O Brasil não é um país sério
"Conheço
muitos brasileiros sérios, mas as nossas instituições não são sérias.”
Por Luciana Grassano
Melo
Professora de Direito da UFPE
Não digo isso dos brasileiros. Conheço muitos brasileiros sérios, mas as nossas instituições não são sérias. Semana passada, conversando com minha esteticista, que também é auxiliar de enfermagem aposentada, soube que ela entrou com um pedido de restituição junto ao Estado de Pernambuco, porque pagou mais do que devia para se aposentar. Quase não acreditei, e perguntei: - Como isso foi acontecer? Ela me respondeu: - "Em toda a minha vida, só conheci os meus deveres. Minha preocupação sempre foi cumprir os meus deveres. Nunca pensei muito nos meus direitos..."
Recordo-me
também que, como procuradora do estado, durante muitos anos trabalhei na dívida
ativa.
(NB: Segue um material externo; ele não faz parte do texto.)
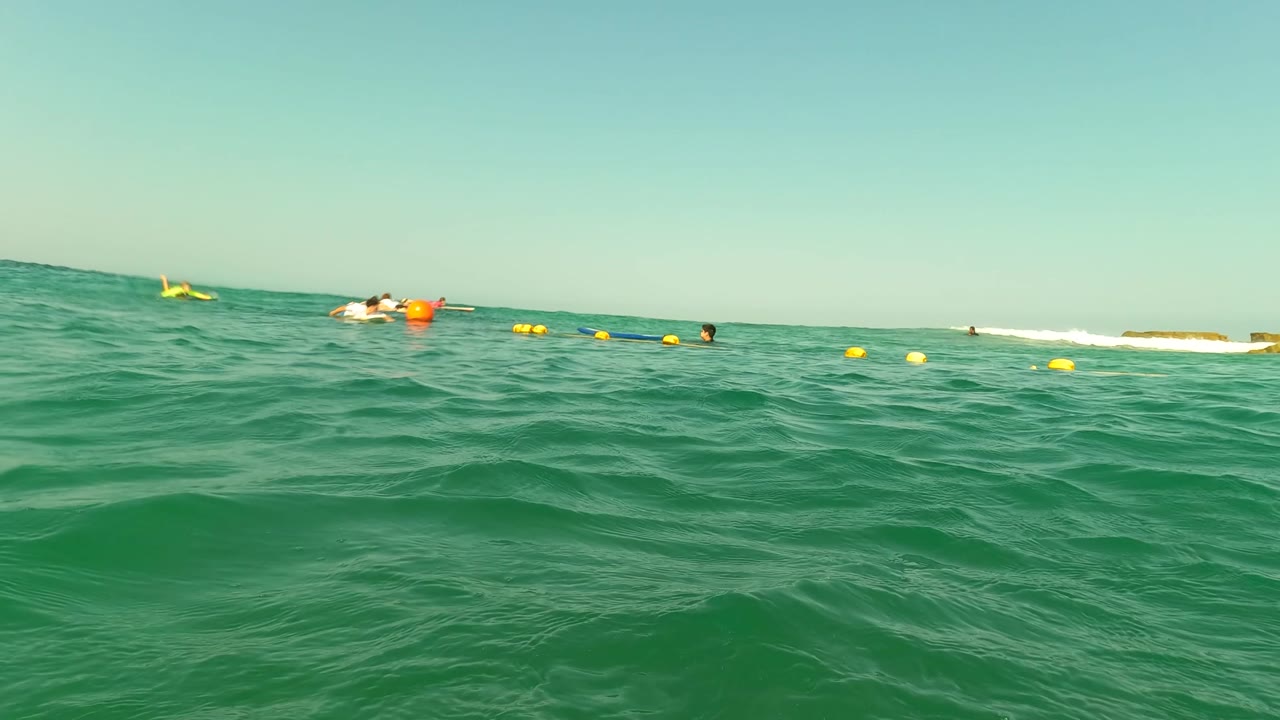 Green waves rise in the foreground while yellow buoys and distant swimmers sit near a low shoreline in Los Barriles, Baja California Sur, Mexico.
E atendi inúmeros pequenos contribuintes que me procuravam para
regularizar a sua situação de devedores. E eles diziam: - Doutora: estou aqui
porque eu quero pagar. A senhora não pode parcelar para mim, não?
Dou esses
exemplos para retirar da afirmação que faço, milhões de brasileiros sérios e
honestos, que trabalham com dignidade e são preocupados com o cumprimento dos
seus deveres para o desenvolvimento do país.
Quando
analiso a situação caótica em que as nossas autoridades colocaram o nosso país,
vejo que o Brasil não é um país sério, porque grande parte de nossas autoridades
apenas se preocupam com seus direitos, seus escusos interesses e seus
mesquinhos privilégios.
O que pensar
da prática do parlamento brasileiro? A cada dia que passa fica para mim mais
evidente a crise da legalidade. Quando penso na imensa linha que separa os
valores sociais que eu defendo e os impublicáveis valores corporativos que são
defendidos pelos nossos deputados e senadores, fica mais difícil, para mim,
acreditar no poder legitimador das leis dali emanadas.
O que pensar
da prática do executivo brasileiro? Um presidente que, no meio de uma crise
política de enormes proporções, que todo o mundo está vendo, vai à ONU
cinicamente afirmar ser beneficiário de extraordinária estabilidade, após
irresponsavelmente mentir sobre o número de refugiados no Brasil. Isso não é
sério!
O que pensar
da prática do judiciário brasileiro? Juízes que violam regras básicas de
imparcialidade e tribunais que desmerecem garantias constitucionais e não se
constrangem em afirmar que “problemas inéditos exigem soluções inéditas”, o que
é a mais
absoluta afronta ao Estado de Direito; aos direitos e garantias individuais e à
separação de poderes. Não, isso não é sério!
O que pensar
da prática do Ministério Público brasileiro? Um poder chegado a exibicionismos,
que demonstra sua convicção em rede aberta de TV e com gráfico de PowerPoint,
apesar de deixar entender que não tem provas contra o acusado; e que a despeito
disso decide, por convicção, denunciar...
Fala sério?!
O que pensar
da prática da nossa polícia? Que coíbe o direito ao protesto coletivo através
de intervenções desproporcionais e que, no âmbito da Lava-Jato, promove
conduções coercitivas arbitrárias, inclusive, escandalosamente cumprindo
mandado de prisão em centro cirúrgico, onde um cidadão brasileiro com endereço
certo acompanhava a esposa enferma para tratamento ... Isso é quase barbárie!
Podia
continuar com uma lista sem fim da nossa falta de seriedade ... Mas a esse
ponto, só remeto meus leitores a duas frases perfeitas: uma marxista, que
afirma ser "a prática o único critério da verdade"; e a outra popular, que "garante
não existirem argumentos contra fatos". Vai ver que é por isso que não
escutamos mais soarem as panelas do Brasil.